The Telegraph's problem wasn't credibility. It was visibility. Readers trusted the journalism. They just couldn't find the recommendations when they needed them, and when they did, the presentation undermined the very authority that made them worth reading.
Three things were breaking the experience.
Reviews lived inside generic article templates that looked identical to sponsored content. Readers had developed a reflex a "second-tab habit" of leaving the site mid-decision to verify prices and stock elsewhere. And there was no central place to discover what The Telegraph actually recommended. Readers were outsourcing that job to Google.
The trust existed. The product just kept getting in its own way.
My Role
Where I Fit In
As the sole Product Designer, I owned the end-to-end experience across the full 10 months. My mandate was to bridge the gap between two very different readers the decisive shopper who arrives knowing what they want, and the browser who needs to be surprised into a decision. I led design direction, ran the foundational research, and managed stakeholder alignment across editorial, commerce, and engineering.
Discovery & Insights
What We Found When We Watched People Shop
We didn't start with a conversion problem. We started with a trust problem. To understand it, I mapped how readers actually moved from curiosity to purchase observing eight power users as they navigated the existing experience.
Three things became impossible to ignore.
Readers didn't trust static product data. The moment they suspected a price or stock level might be out of date, they opened a second tab and never came back. Without clear visual hierarchy, the experience felt arbitrary readers described recommendations as "hit-or-miss," which is the opposite of editorial authority. And the detail that stayed with me most: even small breaks in the experience a dead link, a blurry image were enough to dissolve the sense of trust that 170 years of journalism had built.

Reframing The Problem
Reframing the Problem
We Weren't Building a Shopping Page
The research made the real brief clear. We weren't fixing a commerce template. We were rebuilding the conditions under which a reader would trust a recommendation enough to act on it.
Readers didn't need more products. They needed fewer reasons to doubt.
Every design decision that followed was tested against one question: does this make a reader feel more or less certain? Real-time pricing and stock signals addressed the second-tab habit directly. Visual hierarchy that separated editorial voice from product data made recommendations feel authored, not generated. And a unified discovery hub meant that for the first time, a reader could find what The Telegraph recommended without leaving for Google.
The Design Solution
A Platform Built Around the Moment of Doubt
Telegraph Recommended was designed around a single insight: the moment a reader hesitates is the moment you lose them.
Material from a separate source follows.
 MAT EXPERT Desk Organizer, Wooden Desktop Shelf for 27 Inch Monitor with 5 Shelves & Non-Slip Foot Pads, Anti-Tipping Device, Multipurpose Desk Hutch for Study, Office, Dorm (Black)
Every feature was built to answer the question forming in their head before they had to ask it.




How We Got Here
The Detail That Changed Everything
The most important design decision wasn't a layout choice. It was a data one. The second-tab habit was costing more conversions than any UX friction and it was caused entirely by readers not trusting that product information was current.
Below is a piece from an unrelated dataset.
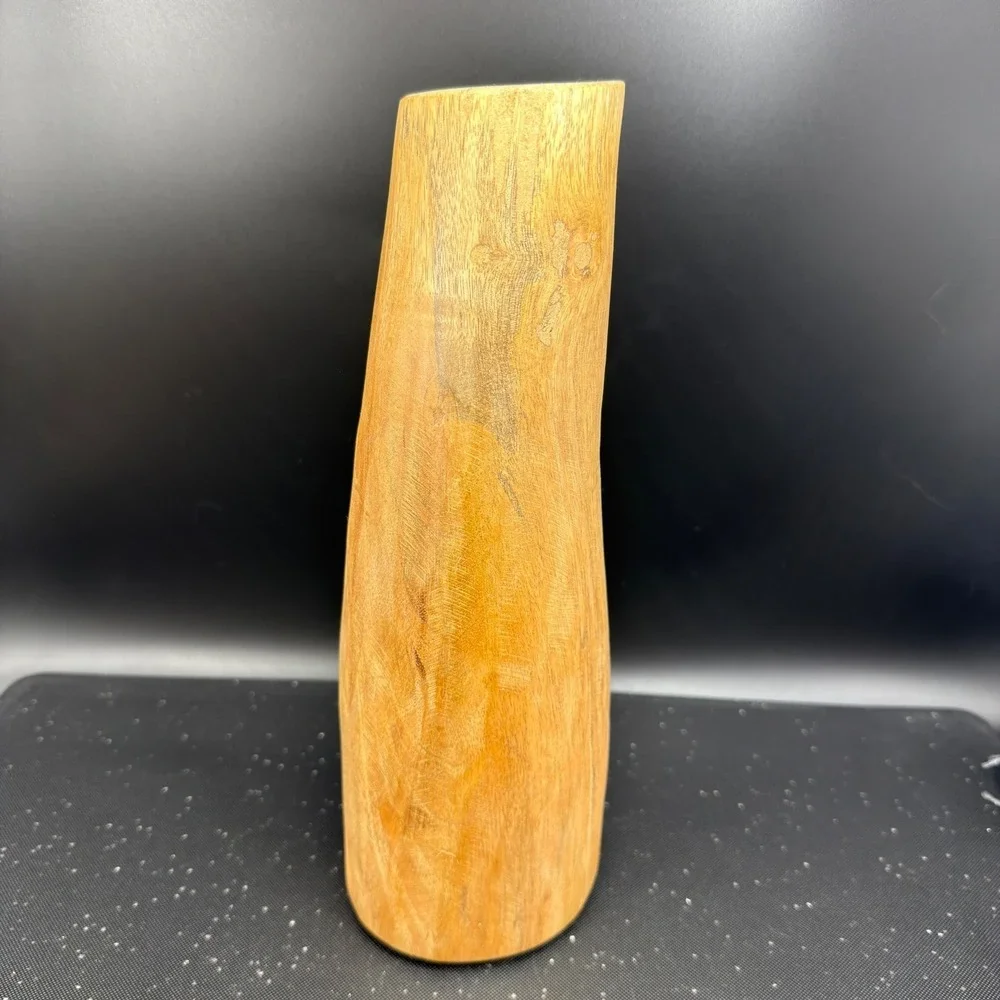 West Elm Log Vase Vessel Natural Wood Decorative Sculptural Vessel 11.5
Working with engineering, we built real-time pricing signals directly into the recommendation cards. It was technically unglamorous. But it was the single change that made everything else believable. A beautifully designed recommendation that links to a wrong price destroys trust faster than a bad layout ever could.

The Impact
What Happened When Trust Became the Product
Launched in September 2024, the redesign moved the needle on the metrics that matter most in commerce.
22% increase in save rates
18% rise in exploration time
15% increase in click-throughs on related content
Reflections & Insights
Authority Is the Most Valuable Currency in Commerce
This project taught me something I now carry into every brief: trust is not a feeling — it's a series of details. A live price. A crisp image. A link that works. A recommendation that explains itself. Each one is small. Together they either build or destroy the thing that makes a publisher's commerce offering worth anything at all.
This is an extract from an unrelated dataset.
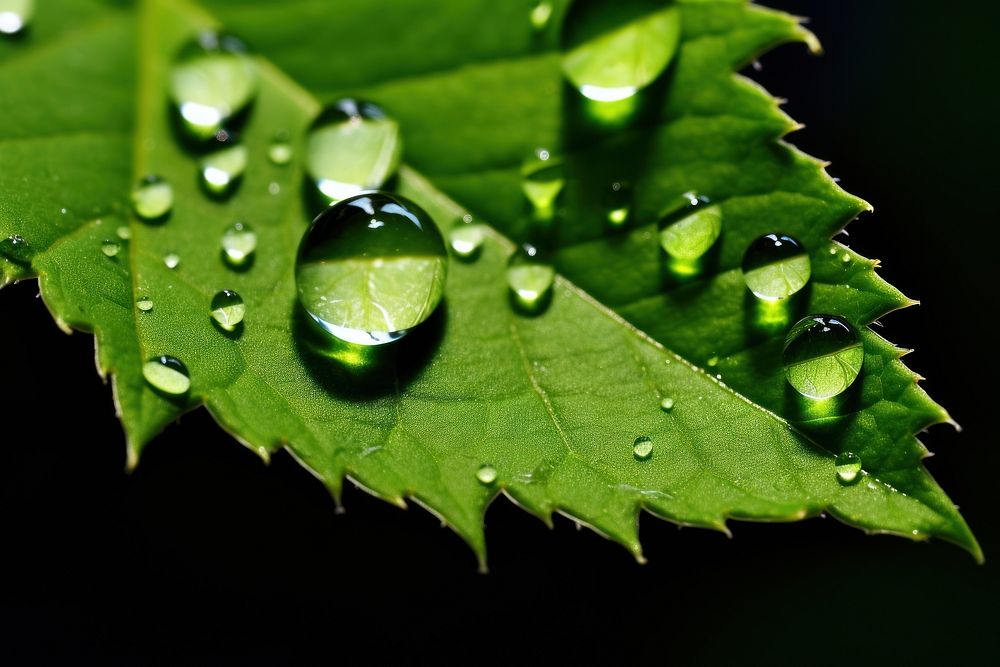 Water drop on the leaf plant green backgrounds. AI generated Image by rawpixel.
The Telegraph's authority wasn't the problem. The product just kept undermining it. Once we stopped treating commerce as a separate surface and started treating it as an extension of the editorial voice, everything else followed.
Next Steps:
Personalised recommendation styles tailored to a reader's existing content habits are in scoping. Real-time stock alerts for saved items are on the near-term roadmap. The platform is built. The next question is how well it learns who's using it.